• **WHAT THIS TASK INVOLVES**
Would you retype the whole listing exactly, leaving its pictures out?

• **DATA BLOCK**
--- START ---

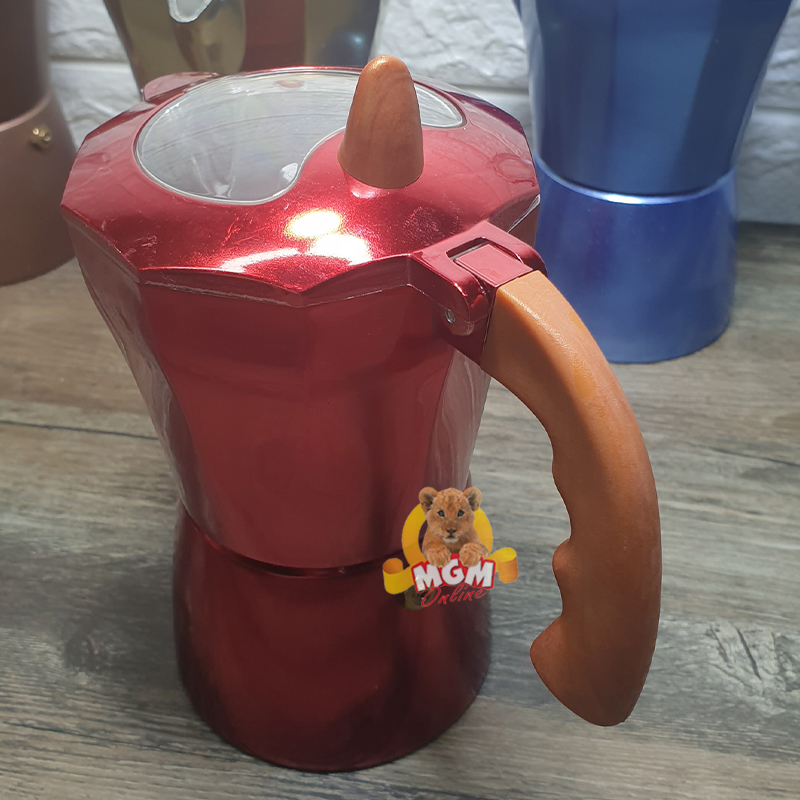 Moka Pot Alumunium Warna 6Cup / Espresso Maker 6Cups segi10 - Image 3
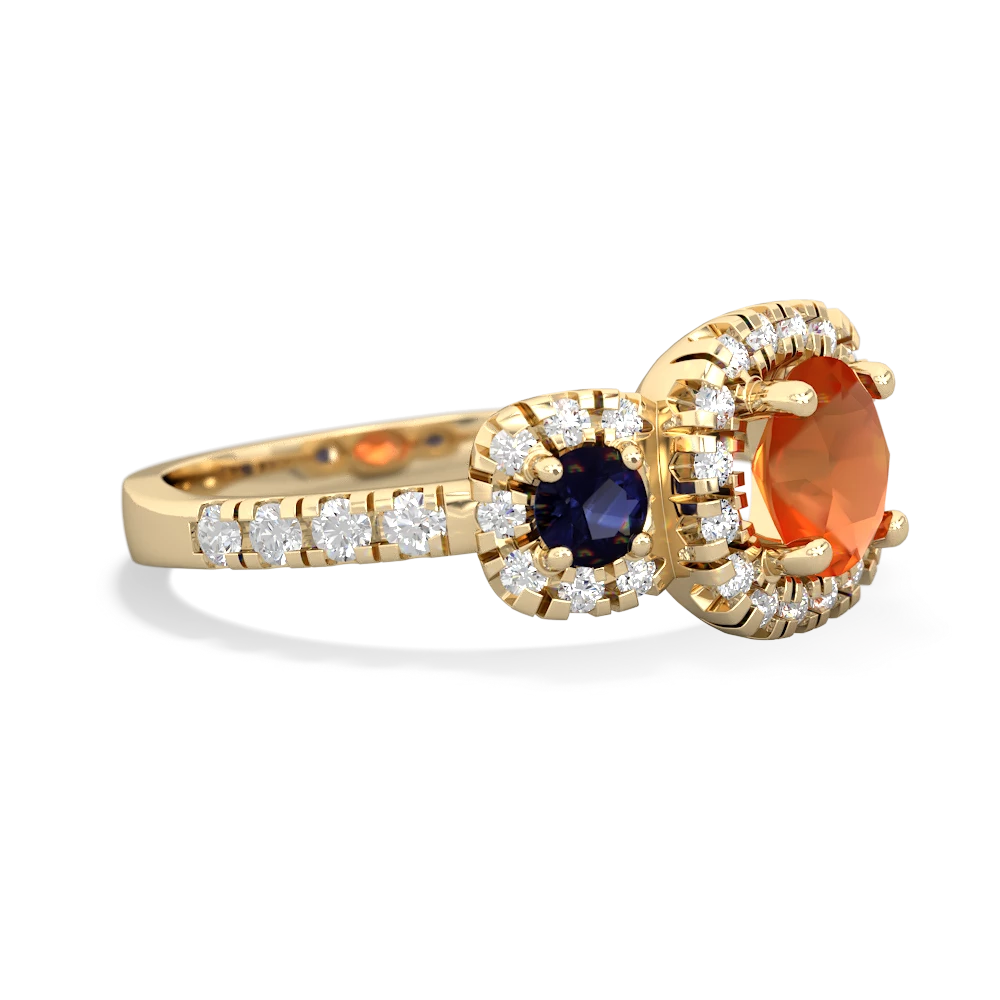 Fire Opal Regal Halo 14K Yellow Gold ring R5350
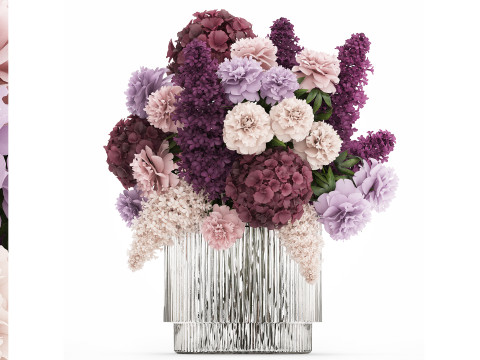 Bouquet Of Flowers Peony hydrangea lilac 506 3D 모델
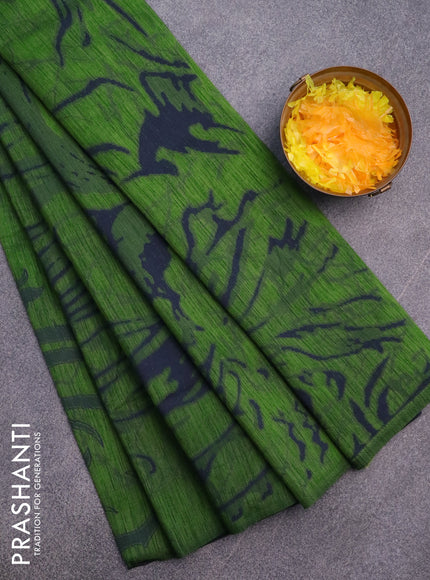 Banarasi semi matka silk saree green and blue with allover thread weaves in borderless style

--- END ---

• **OUTPUT FOR THIS EXERCISE**
 Moka Pot Alumunium Warna 6Cup / Espresso Maker 6Cups segi10 - Image 3
 Fire Opal Regal Halo 14K Yellow Gold ring R5350
 Bouquet Of Flowers Peony hydrangea lilac 506 3D 모델
 Banarasi semi matka silk saree green and blue with allover thread weaves in borderless style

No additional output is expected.